Aziz bey, son olarak da ikinci yorumunuzda aniden yumuşayan üslubunuzun beni şaşırttığını söylemek istiyorum. İlk yorumunuzda dayak yemişten beter oldum zira. Film hakkındaki diğer yorumlarınız hassasiyetinizin NY bağlamında olduğunu düşündürttü bana. Bu hanım bir gün Oscar veya bir başka ödül alırsa beni düşünüp derin bir ohh çekeceksiniz gibi geldi. (En kibar ifadeyle) Umarım alır; bana da bir başka filmini seyredip oyunculuğu hakkında bir kere daha düşünme fırsatı doğar.

Saygılarımla
miso

16 Kasım 2008

Sufleee


Saat 8
Gel canım benim, geeel, pisipisipisi.
Dış kapıyı kapatıyoruz.
Ses yok.
Suflee gel kuzumu, gel bi tanem, gel misomiso.
Ses yok.
(O gün evde temizlik vardı, acaba kadın mı kaçırdı?) Sufleeee.
Ses yok.
Anne, ya Sufle gelmezse, ya o da ölürse?
Annecim, ağlama dur, gelir.
Gerçekten mi?
Gelir annecim, dur, korkma. (Cidden, ya o da gelmezse, ya o da ölürse, aman miso sen de ağlama, yoksa bu gece bitmez)

Saat 10
Dışarıdan bir ses: beyooovv
Yerimden nasıl fırladığımı bilmiyorum. Bakıyorum. Sarı bir kedi ama farklı gibi de. Gece gece gözüm de iyi görmüyor. Ama elleri... Yok, yok, bu değil. Bizimkinin elleri süte batmış gibi.
Çaresiz, kapatıyorum kapıyı.

Saat 11
Bir beyooovv daha.
Açıyorum yine bir ümit.
Purrr, gurrr, giriyor içeri. Bacaklarıma sürünüyor.
Üst baş leş olmuş, dudağın sağ tarafı hem alttan hem üstten zımbalı.
Kucağıma alıyorum, göğsüme bastırıyorum, gurul gurul ötüyor. Buz kesmiş.

Ağlıyorum.
Şükrediyorum.
Aptal Sufle.
Canım Sufle.

marruu

8 Kasım 2008

Bu kadarı da “Vicdan”sızlık yani…


Ödül hikayesine çok prim vermem genelde; önemli olan performanstır, değil mi? Yoksa verilen ödüller zaten hiç bir zaman gerçekten öznel olamazlar. İnsan doğası bu; bir filme, bir performansa verilen ödül kişinin kendi algısına bağlı sonuçta. Algı dediğimiz şey de öyle çok uçlu bir şey ki...

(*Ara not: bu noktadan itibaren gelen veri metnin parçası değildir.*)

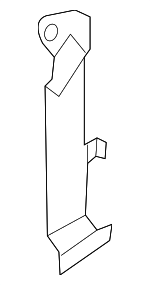 51117158893 - Body: Outer Bracket for BMW: 528i, 528i xDrive, 535d, 535d xDrive, 535i, 535i GT, 535i GT xDrive, 535i xDrive, 550i, 550i GT, 550i GT xDrive, 550i xDrive, 640i, 640i Gran Coupe, 640i xDrive, 640i xDrive Gran Coupe, 650i, 650i Gran Coupe, 650i xDrive, 650i xDrive Gran Coupe, 740i, 740Ld xDrive, 740Li, 740Li xDrive, 750i, 750i xDrive, 750Li, 750Li xDrive, ActiveHybrid 5, ActiveHybrid 7, M5, M6, M6 Gran Coupe Image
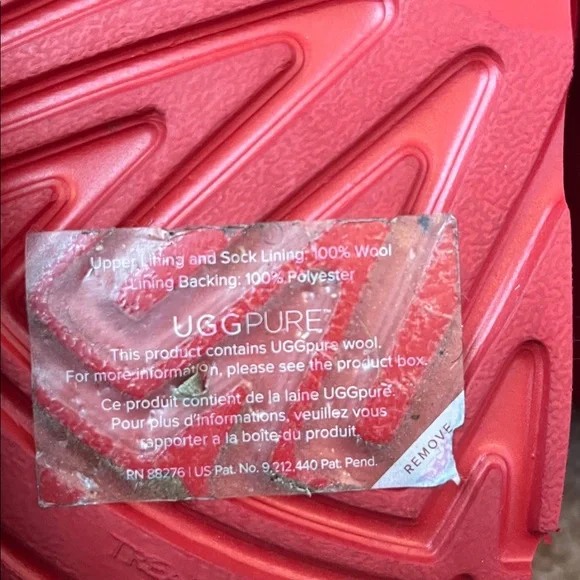 Ugg Unisex Neumel Suede Boots M6 W8 - Picture 7 of 12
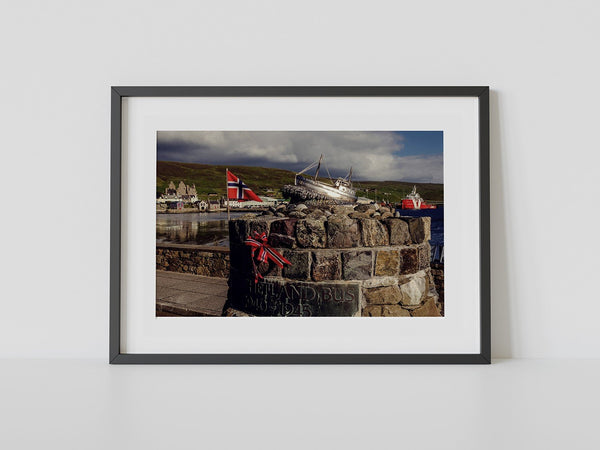 Shetland Bus Memorial 2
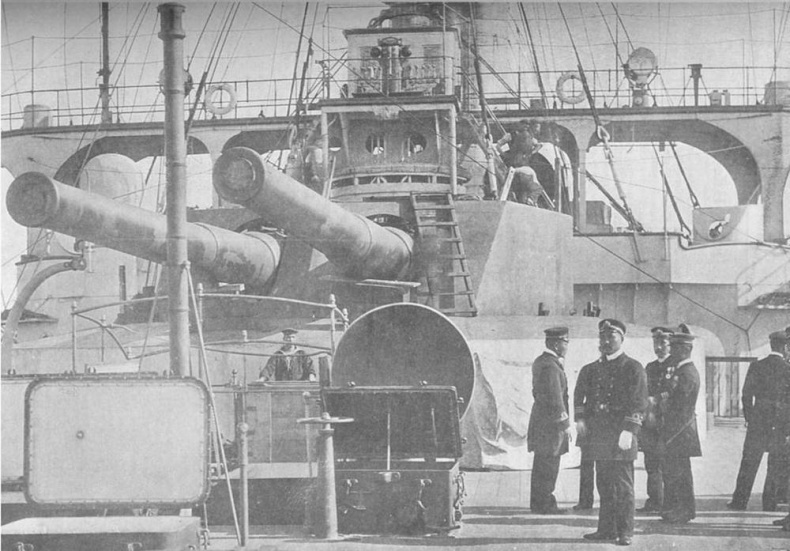 Броненосцы Японии. Броненосцы Японии.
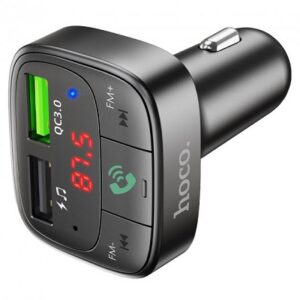 FM Модулятор Hoco E59 QC3.0 18W Чорний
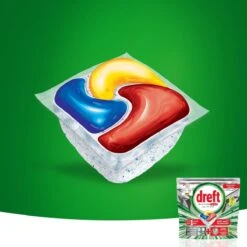 Dreft Platinum Plus Citroen - Voordeelverpakking 5x18 Stuks - Wasmiddel Capsules 9 Dreft Platinum Plus Citroen - Voordeelverpakking 5x18 Stuks - Wasmiddel Capsules -Winkel Voor Schoonmaakartikelen 1200x1200 1389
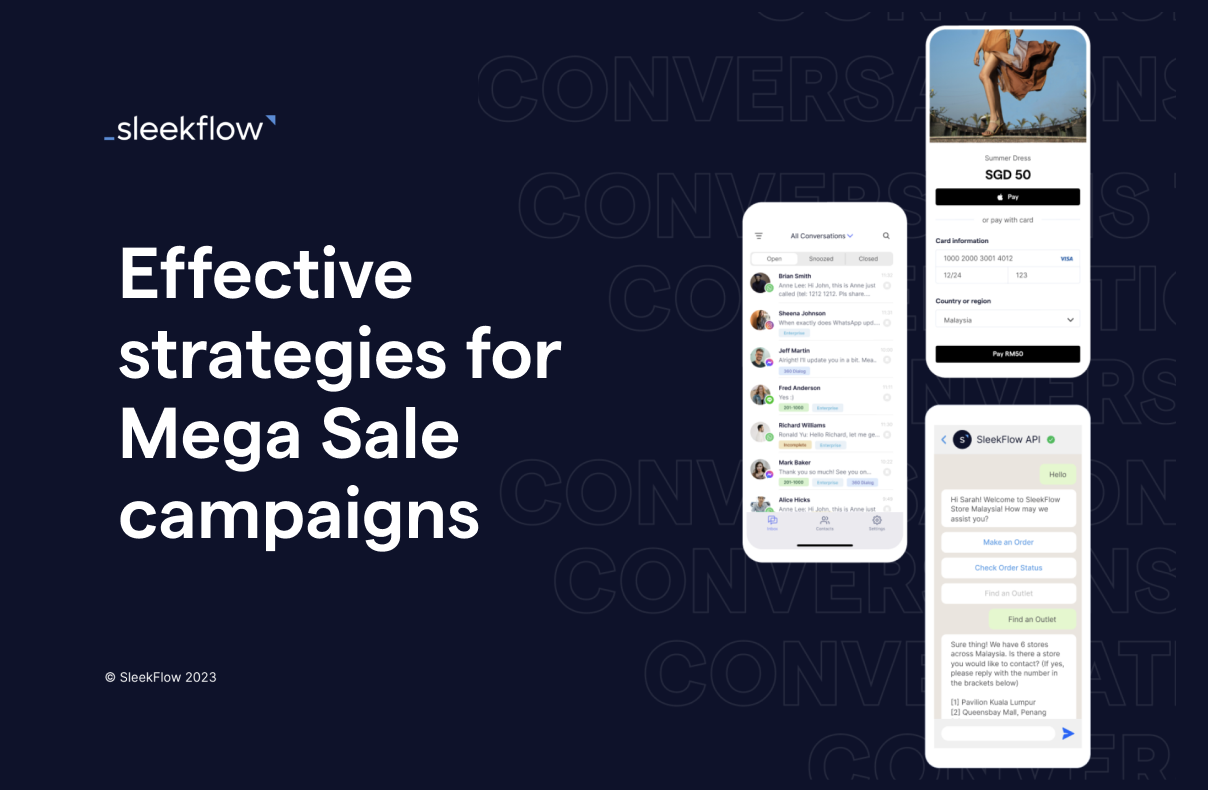 Effective Strategies for Mega Sales Campaign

Dedim ve derim yine. Ama ödüllere de saygıda kusur etmemeye çalışırım. Oradaki koltuklardaki insanlar herhalde belli bir birikimi, deneyimi, görgüsü olmadan oraya oturmaya cesaret edemezler, yüzleri tutmaz, vardır bir bildikleri diye düşünürüm...

Düşünürüm düşünmesine de... Altın Portakal’ın Nurgül hanıma hangi bağlamda verildiğini de filmi gördüğüm günden beri düşünür dururum. Filme gideli iki hafta oldu, ben hala mongol moddayım. En ufak bir mantık ilişkisi kuramamak insanı cidden çok yoruyor bu bağlamda.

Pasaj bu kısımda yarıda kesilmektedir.